THE ENDURING AGE OF EXPLORATION
Adventure Collection, 2017
Solas Award for Best Travel Writing 2018
The ship pitches and rolls across the Drake Passage.
I brace myself and look out at the deep, velvet blue of the ocean, relishing the feeling of my stomach dropping as though at the precipice of a rollercoaster, waiting for the horizon to disappear. I turn to a map mounted behind a sheet of Plexiglas and place a finger on King George Island. Then I trace a path through familiar territory. Deception Island: Eight years ago, the volcanic shores of that flooded caldera were the first place on the Antarctic Peninsula on which I ever set foot. Then, Hannah Point on Livingston Island where, four years later, I sat on the rocky shore in the Antarctic sunshine, waiting for the horizon to right itself after I had crossed the treacherous Drake in a sailboat. And Neko Harbour — forever the spot where I first recognized that somewhere so alien could feel so much like home.
There are other sites, too — Port Charcot, Pléneau Island, Marguerite Bay — places that still flicker like movies when my mind drifts to that wonderland of ice. And this, the Drake Passage — the roughest sea in the world — is familiar, too. Four years ago, I spent four days crossing the Drake in the S/Y Sarah W. Vorwerk as the southern latitudes lived up to their sobriquets: the “furious fifties” and the “screaming sixties.” We were tossed around the sailboat, some among us crippled by sea sickness, subsisting on nothing more than water and crackers.
On the other side of the Drake, our discomfort continued. Landings left us windburnt and sunburnt. The bitter chill of sudden katabatic winds stormed down from the mountains, and the surprise of postholing into knee-, thigh-, and waist-deep snow over and over again was exhausting. Most of us were strangers to each other at the start of the journey, and we lived in tight quarters — our sailboat was home for nearly a month. We went weeks without a shower (unless we jumped into the 30˚ water).
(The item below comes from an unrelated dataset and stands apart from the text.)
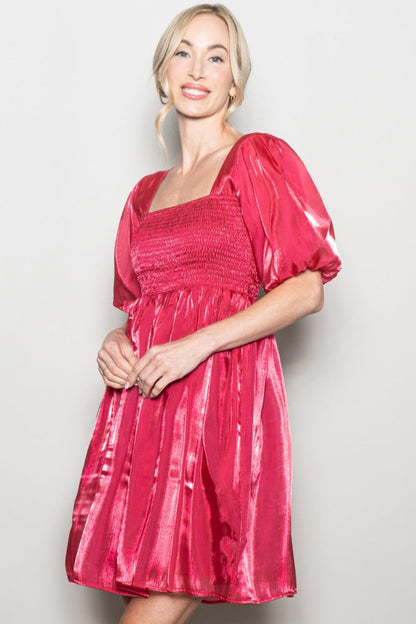 Red Organza Smocked Puff Sleeve Mini Dress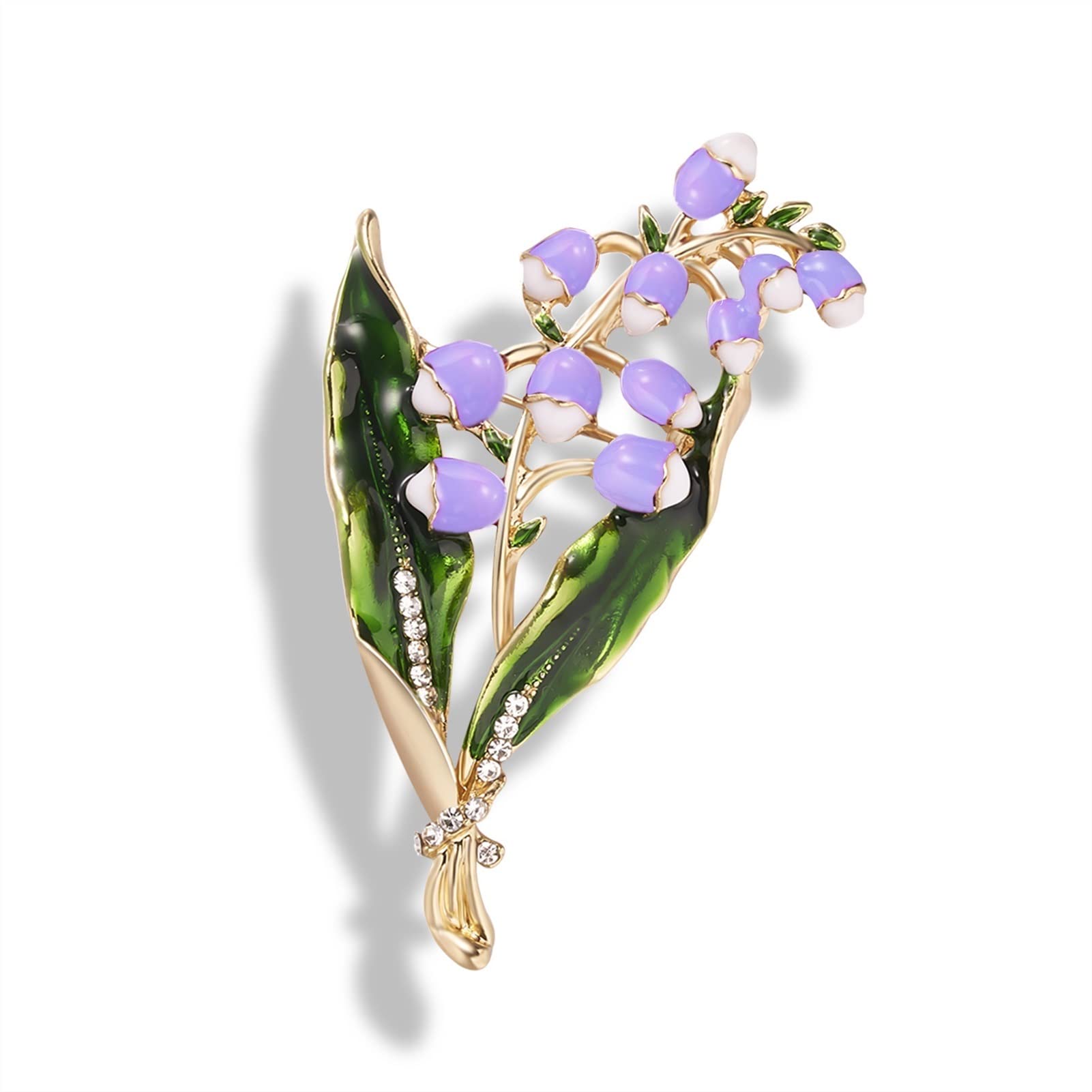 AIHEDOUJ Broschen für Damen, Elegante Strass-Magnolien-Blume, Emaille-Broschen, poliert, für Damen, Blumenstrauß, Hochzeit, Brosche, Pflanzenbrosche, modische Broschen (Metallfarbe: A)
My stomach drops again and pulls me back to the present as the ship rolls hard to port and a chair tumbles and slides across the room. A man beside me clings to a railing.
“You did this on a sailboat?!” he asks.
I grin and nod.
“Why?”
~~
Towards the end of the sailing expedition, we arrived beneath threatening skies at a small island. A light snow was falling as we explored the penguin rookery, winding around snowbanks and exposed rocks. Slowly, the seven of us scattered until we were out of sight of one another. I looked forward to these moments, when I could taste solitude in Antarctica.
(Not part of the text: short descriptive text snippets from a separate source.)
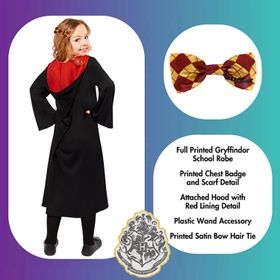 Hermine Granger Deluxe Kostüm für Kinder 4-12 Jahre mit Zauberstab und Haargummi-Schleife Harry Potter Gryffindor Hogwarts Zauberlehrling Zauberschülerin Fasching Karneval Mottoparty Halloween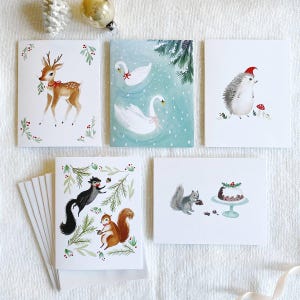 Lot de 10 cartes de correspondance pour les fêtes, paquet de cartes de Noël illustrées, animaux de la fête, cartes d'art animalier, cartes d'animaux de la forêt, cartes de saison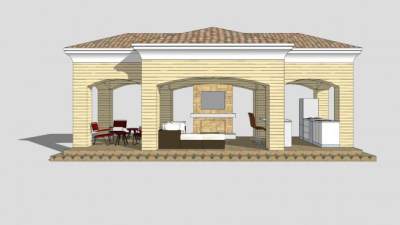 建筑休闲小屋SU模型下载_sketchup草图大师SKP模型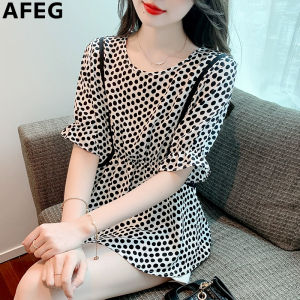 AFEG new Korean version of round neck fashion waist temperament polka dot chiffon short sleeve blouse for women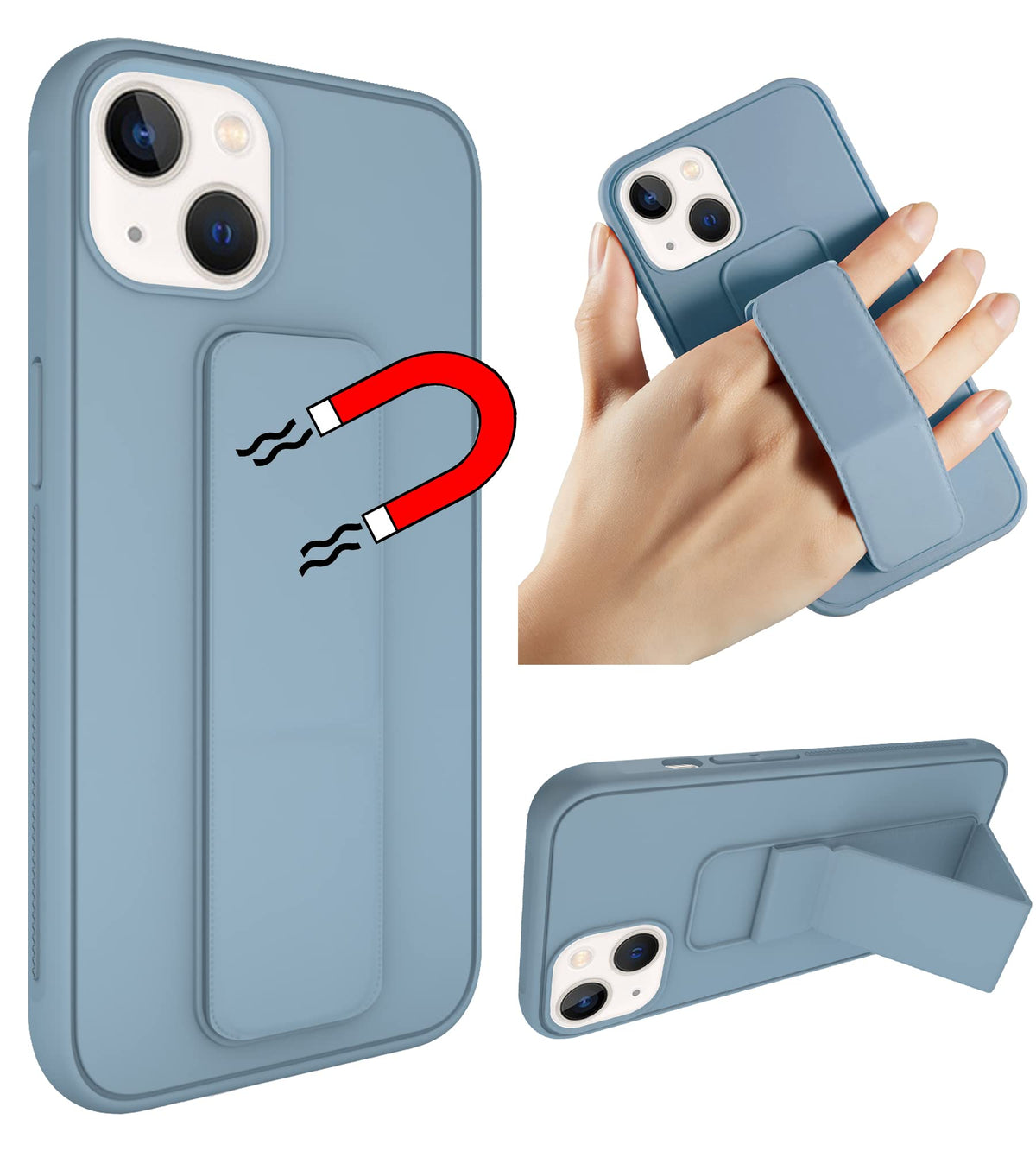 Varikke For Iphone 13 Case, Multi-Functional Magnetic Vertical & Horizontal Stand Case For Iphone 13, Cute Thin Slim Silicone Wr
I crouched down before a nesting gentoo penguin and watched a chick nestle alongside an unhatched egg in the feathers of a parent. I smiled and snapped a few photos.
The snow started to fall harder. There were no human sights and no human sounds save for the crunching of my boots. The wind strengthened to a howl, drowning out the squeaks and whistles of the penguin chicks. It was time to head back. I looked around. Visibility had diminished. My foot prints had filled in with fresh snow and could no longer serve as a bread crumb trail back to shore. I felt the snaking vines of panic start to wrap themselves around me.
But as quickly as they formed, I pushed them away.
Knock it off, I told myself as I took a deep breath. You know how to get back. I looked around and started walking, using the landmarks I’d noticed along the way to lead me back.
Twenty minutes later, I still hadn’t seen anyone else from my group. I stepped forward and gasped as my leg plunged through the snow up to my thigh. I’ll never get used to that, I thought as I pulled my leg out and stepped forward. Again, I went through, this time to my waist. And again, I pulled my leg out. I took another step, more tentative than the last, transferring a little weight at first and then a little more. The snow held.
Fifteen minutes later, I crested a hill and looked out. Visibility had improved for the moment, and spreading out before me was the bay by which we had entered. Bobbing in the distance was our boat. I breathed a sigh of relief and bounded down the hill.
My initial panic was irrational. I knew where I was. Visibility had diminished, but it wasn’t gone, and I had modern safety nets to rely upon. But the situation had been so unfamiliar and so uncomfortable that I’d doubted my ability to handle it. That doubt, I realized, was a luxury.
~~
A glimpse was all it took. When a young Australian geologist named Douglas Mawson traveled to Antarctica with Ernest Shackleton aboard the Nimrod, he stood at the rim of Mount Erebus, laid eyes on the distant Trans-Antarctic Mountains, and was instantly bitten with the desire to explore the vast expanse.
Just a few years later, he led his very own expedition to do just that. In 1911, the Australasian Antarctic Expedition set out aboard the Aurora to chart thousands of miles of Antarctic coastline south of Australia and to survey various inland areas. They established a permanent camp at Cape Denison in Commonwealth Bay — a place Mawson nicknamed the “home of the blizzard” — and from there, Mawson, Belgrave Ninnis, and Xavier Mertz departed on a sledging expedition to survey an inland region known as King George V Land. Three weeks in, Ninnis was killed when he fell into a crevasse on the posthumously named Ninnis Glacier. With him went most of the party’s food, their tent, and other critical supplies. Mawson and Mertz turned back immediately, but Mertz died during the perilous journey in a violent haze of dementia and pain, his skin peeling away like sheets of tissue paper. Only Mawson made it back to Cape Denison — barely.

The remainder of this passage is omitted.